What this means is, you can also control the frequency of these noises by choosing wood that has the moisture content level that is best suited for you and your needs. Here are 2 options that you can make your choices from.
Unseasoned Green Wood
Typically, if you want the moisture level content to be higher in order to create the effect that you are looking for, you should shop around for unseasoned ‘green wood’ because it is much higher in moisture content.
Unseasoned greenwood is better for more pops and crackling in your fireplace.
However, there is also one downside to choosing greenwood to use in your fireplace. And, that is, unseasoned wood is not as easy to light for a fire, and is highly inefficient in keeping the fire burning for longer periods.
Properly Seasoned or Kiln Dried Firewood
Or, if you prefer to minimize the amounts of popping and crackling that you hear in your fireplace, your better choice is using properly seasoned or kiln-dried firewood. The choice is up to you, your needs, and your preferences.
How to Stop Firewood and Your Chimney From Popping
Once you have the logs of firewood in the fireplace, the popping and cracking usually begins.
While this sound, for some people, may be a fond favorable memory of the past, others may view these sounds as an irritating noise that needs to be eliminated as quickly as possible.
Therefore, the question is, how can someone stop your firewood and your chimney from popping without having to wait for it to die down naturally?
The answer to this question may vary.
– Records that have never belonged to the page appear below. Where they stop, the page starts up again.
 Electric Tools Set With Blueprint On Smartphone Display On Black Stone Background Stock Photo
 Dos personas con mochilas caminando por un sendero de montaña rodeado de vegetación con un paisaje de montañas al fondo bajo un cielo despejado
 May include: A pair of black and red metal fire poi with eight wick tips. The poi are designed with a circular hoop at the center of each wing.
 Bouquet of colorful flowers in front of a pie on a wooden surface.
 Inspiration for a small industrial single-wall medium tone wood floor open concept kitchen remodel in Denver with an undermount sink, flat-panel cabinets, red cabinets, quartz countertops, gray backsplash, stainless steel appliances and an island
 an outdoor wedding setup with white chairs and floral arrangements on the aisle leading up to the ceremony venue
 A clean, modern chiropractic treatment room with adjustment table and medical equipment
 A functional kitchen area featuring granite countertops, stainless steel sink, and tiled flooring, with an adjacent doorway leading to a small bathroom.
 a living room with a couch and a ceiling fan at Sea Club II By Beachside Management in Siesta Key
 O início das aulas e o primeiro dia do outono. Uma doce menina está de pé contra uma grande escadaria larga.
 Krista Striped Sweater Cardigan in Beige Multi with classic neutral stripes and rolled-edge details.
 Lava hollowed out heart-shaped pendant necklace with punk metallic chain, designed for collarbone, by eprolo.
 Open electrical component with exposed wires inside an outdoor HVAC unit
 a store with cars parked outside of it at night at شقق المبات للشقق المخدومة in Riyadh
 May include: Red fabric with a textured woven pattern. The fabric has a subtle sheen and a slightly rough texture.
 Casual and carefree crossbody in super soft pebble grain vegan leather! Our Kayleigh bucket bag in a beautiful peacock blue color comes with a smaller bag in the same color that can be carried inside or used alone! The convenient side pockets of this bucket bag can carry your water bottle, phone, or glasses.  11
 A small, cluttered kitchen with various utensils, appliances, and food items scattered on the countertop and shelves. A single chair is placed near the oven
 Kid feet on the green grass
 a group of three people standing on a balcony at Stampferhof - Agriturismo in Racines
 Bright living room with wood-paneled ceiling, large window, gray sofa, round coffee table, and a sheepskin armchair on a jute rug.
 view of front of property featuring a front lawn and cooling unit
This is mainly because, in some situations, the fireplace itself may be making popping noises because of dirt build-up inside the chimney.
And, it needs to be cleaned out thoroughly before the popping and crackling will stop. Also, to get to the root of this kind of problem, you may need a professional chimney cleaner to help inspect your chimney each year before your family uses it.
The reasons why firewood pops and crackles in your fireplace can vary based on a number of different factors. Some of the most commonly known includes the creation of a chemical reaction, the type of woods used, and the moisture content level in your wooden logs.
Therefore, if you want to control how much your fireplace pops and cracks during start up, you need to choose the best types of wood logs to create the sound effects that you are looking for.